ASSIGNED TASK — Exact reproduction is required for the lines below starting at the line with "The Raconteurs - Hands" and ending at the line with "Signs of solidarity", both included. No other lines, and no pictures.

EXERCISE MATERIAL —
Segment Open

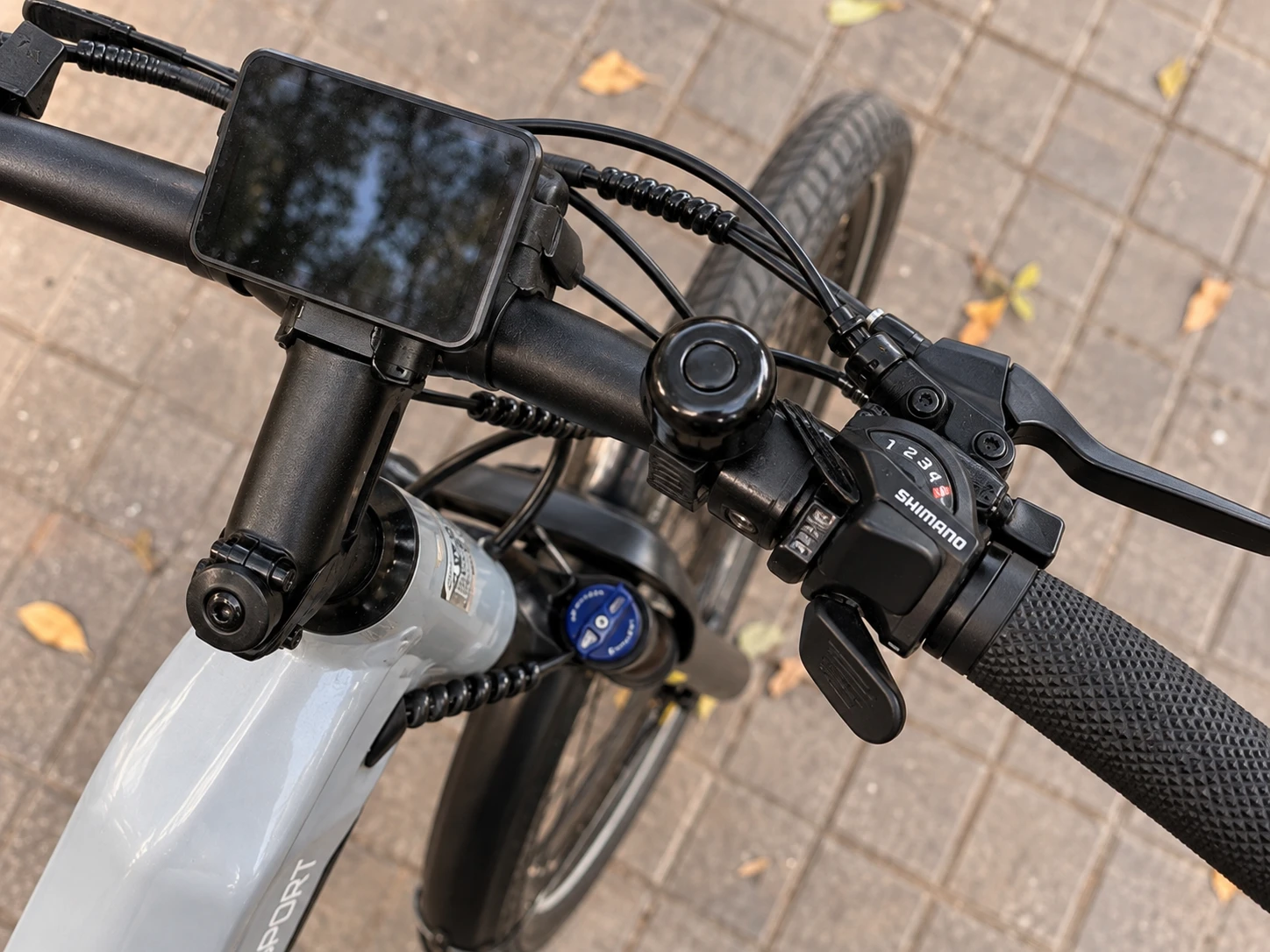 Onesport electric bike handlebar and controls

Segment Closed
Segment Open

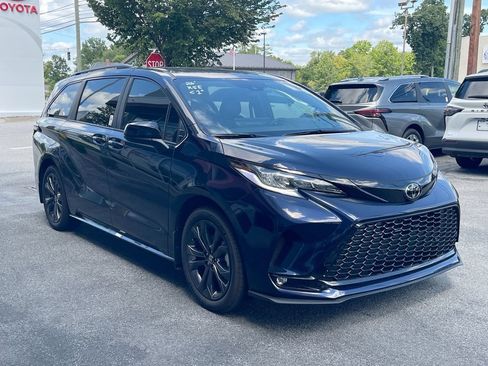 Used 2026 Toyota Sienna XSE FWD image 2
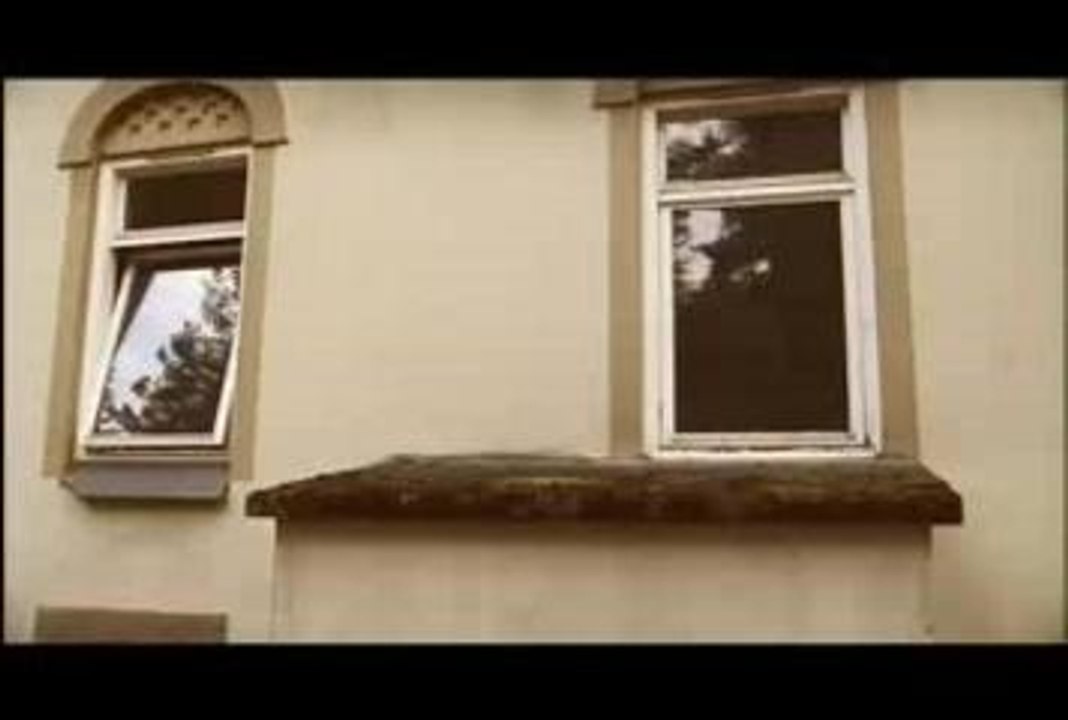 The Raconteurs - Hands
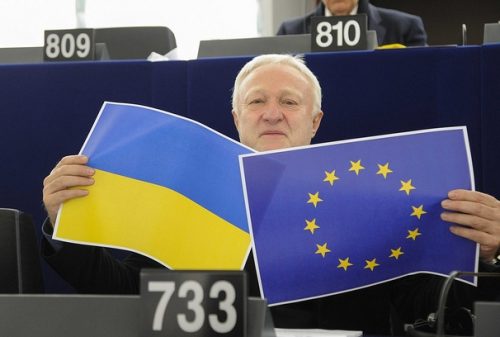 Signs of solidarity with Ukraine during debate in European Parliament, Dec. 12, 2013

Segment Closed

PROBLEM SOLUTION —
 The Raconteurs - Hands
 Signs of solidarity with Ukraine during debate in European Parliament, Dec. 12, 2013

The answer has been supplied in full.